DIRECTIONS:
Would you give the entries again word for word, with no pictures in the copy?

MATERIAL SUPPLIED:
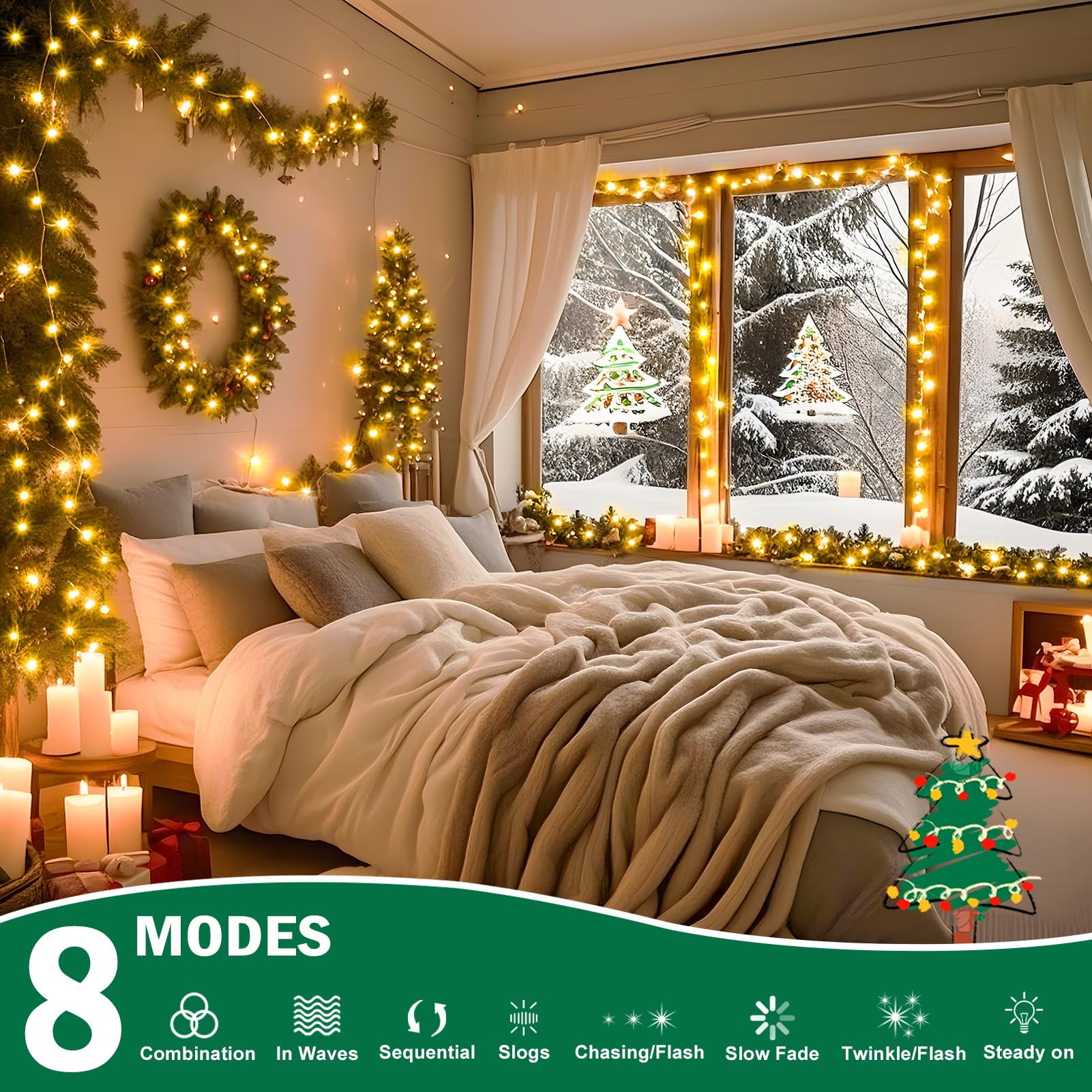 SAUIRS Tira de 500 luces LED de Navidad de 197 pies para exteriores con 8 modos de temporizador, impermeable, enchufe para exteriores, interiores, fiestas, Navidad, palmeras, patio, decoración de boda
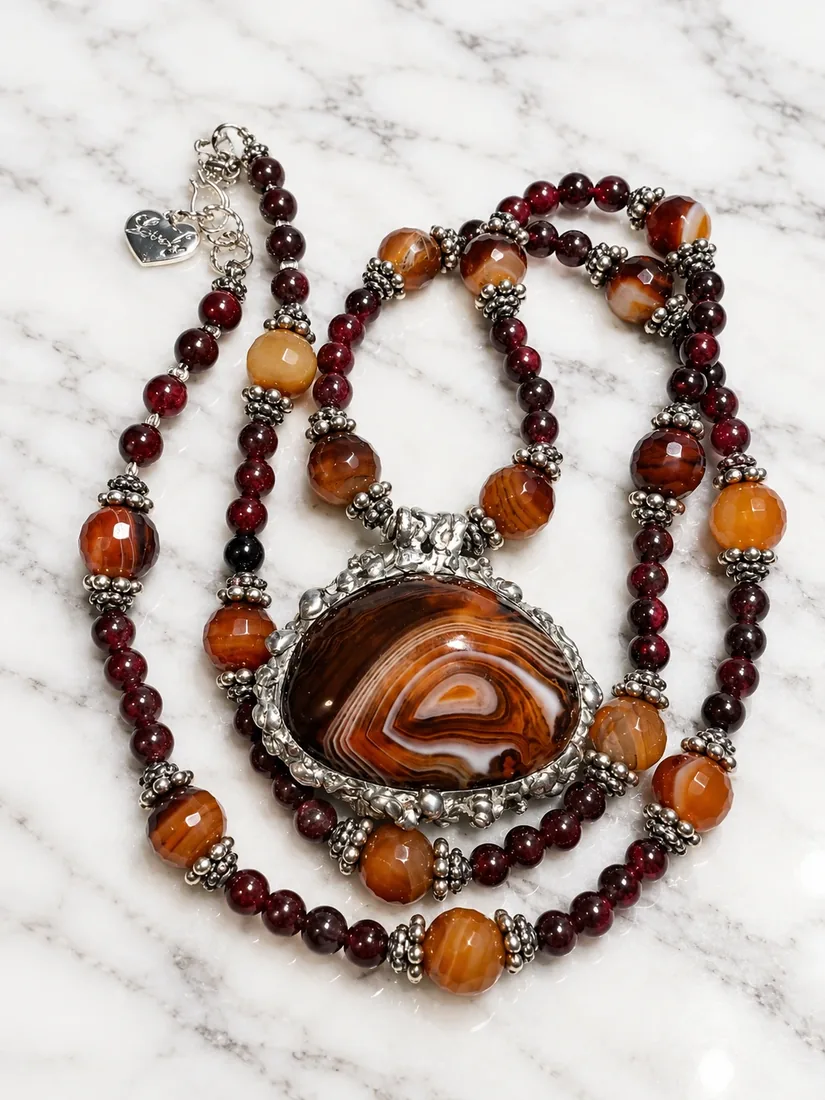 Banded Agate & Garnet Pendant Necklace — view 2
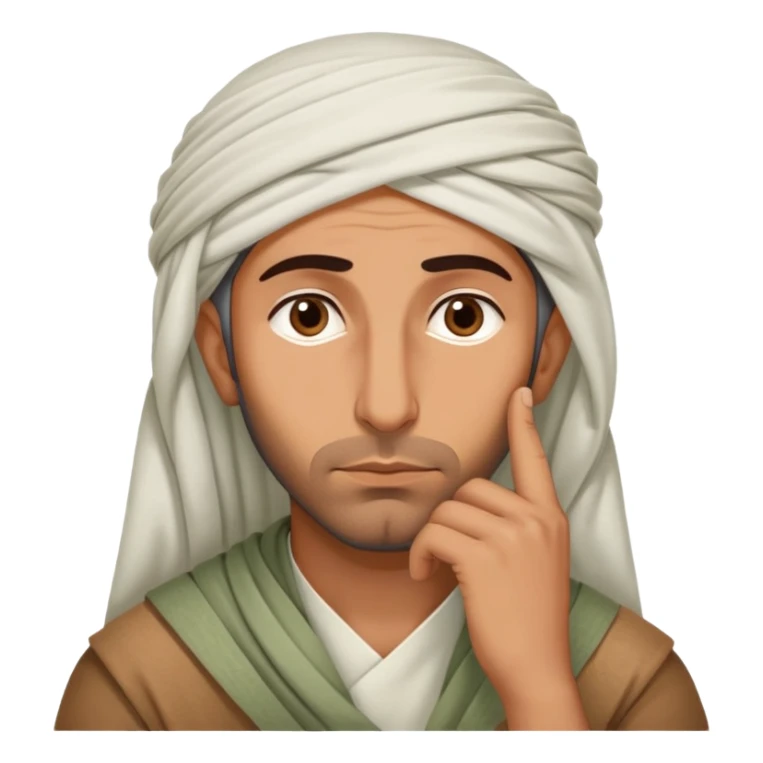 Middle Eastern sage with hand on chin asking himself questions in deep thought sticker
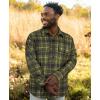 imageKYKU Mens Flannel Shirts Soft Long Sleeve Button Down Shirt DoubleSided Plaid Print Two PocketsOlive Green Plaid Flannel Shirt for Men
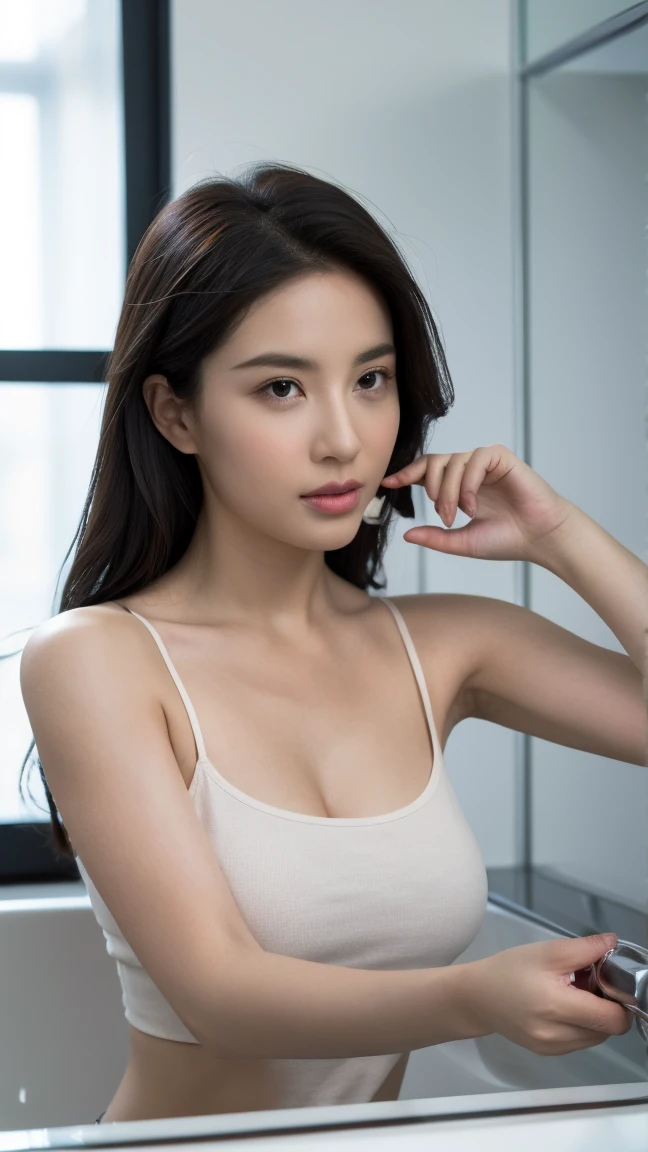 Image of a woman from the chest up、show cleavage、Glossy, soft skin、big breasts、upward glance、Images showing faces、1 person、Korean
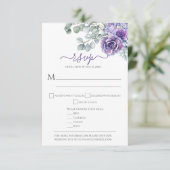 Lila Lilacs & Succulents, Eukalyptus DIY Wedding RSVP Karte (Stehend Vorderseite)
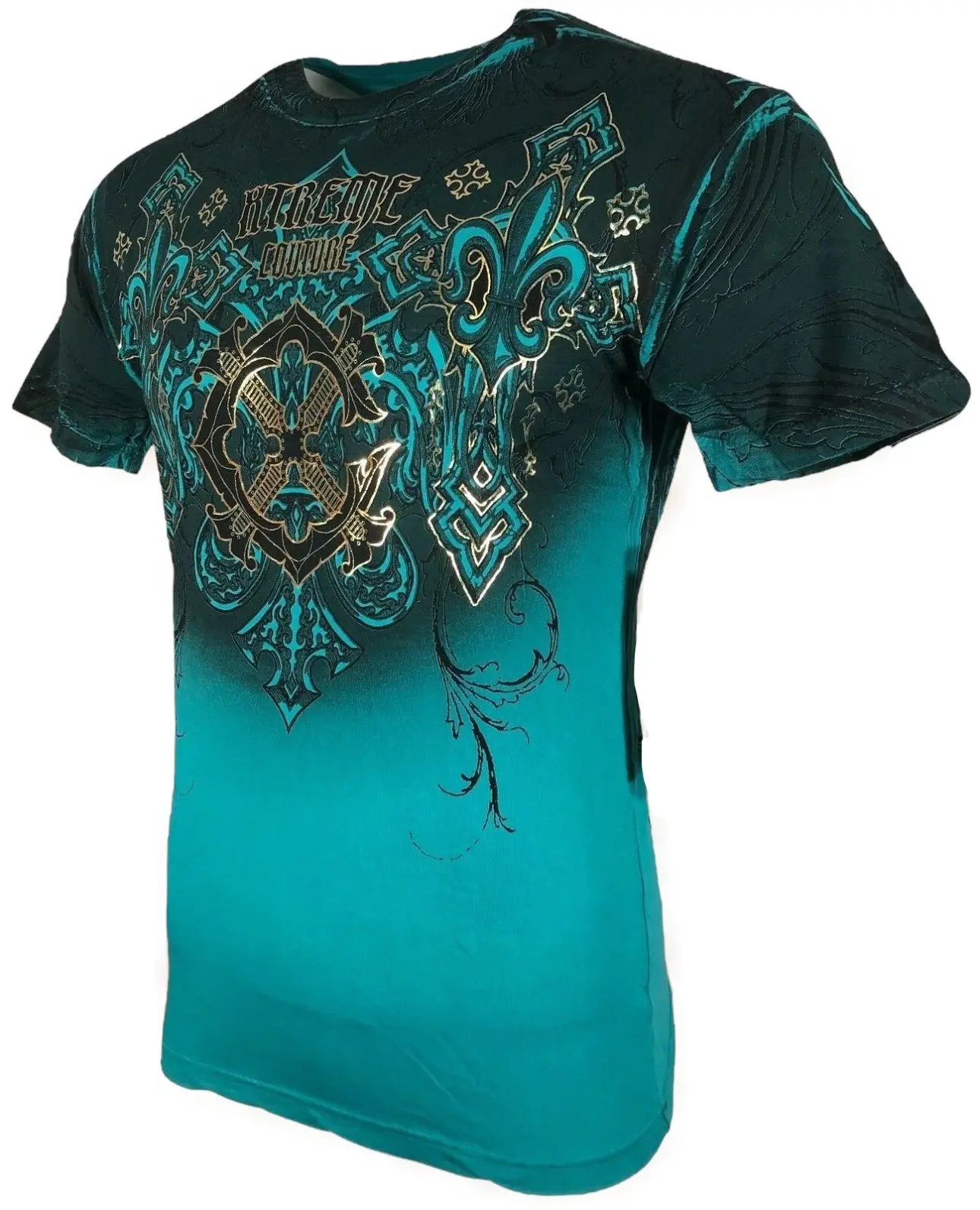 XTREME COUTURE by AFFLICTION Men's Cotton Round Neck Short-Sleeve Casual T-Shirt - Biker, MMA Top, Momentum Shift Print Tshirt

WRITTEN ANSWER:
 SAUIRS Tira de 500 luces LED de Navidad de 197 pies para exteriores con 8 modos de temporizador, impermeable, enchufe para exteriores, interiores, fiestas, Navidad, palmeras, patio, decoración de boda
 Banded Agate & Garnet Pendant Necklace — view 2
 Middle Eastern sage with hand on chin asking himself questions in deep thought sticker
 imageKYKU Mens Flannel Shirts Soft Long Sleeve Button Down Shirt DoubleSided Plaid Print Two PocketsOlive Green Plaid Flannel Shirt for Men
 Image of a woman from the chest up、show cleavage、Glossy, soft skin、big breasts、upward glance、Images showing faces、1 person、Korean
 Lila Lilacs & Succulents, Eukalyptus DIY Wedding RSVP Karte (Stehend Vorderseite)
 XTREME COUTURE by AFFLICTION Men's Cotton Round Neck Short-Sleeve Casual T-Shirt - Biker, MMA Top, Momentum Shift Print Tshirt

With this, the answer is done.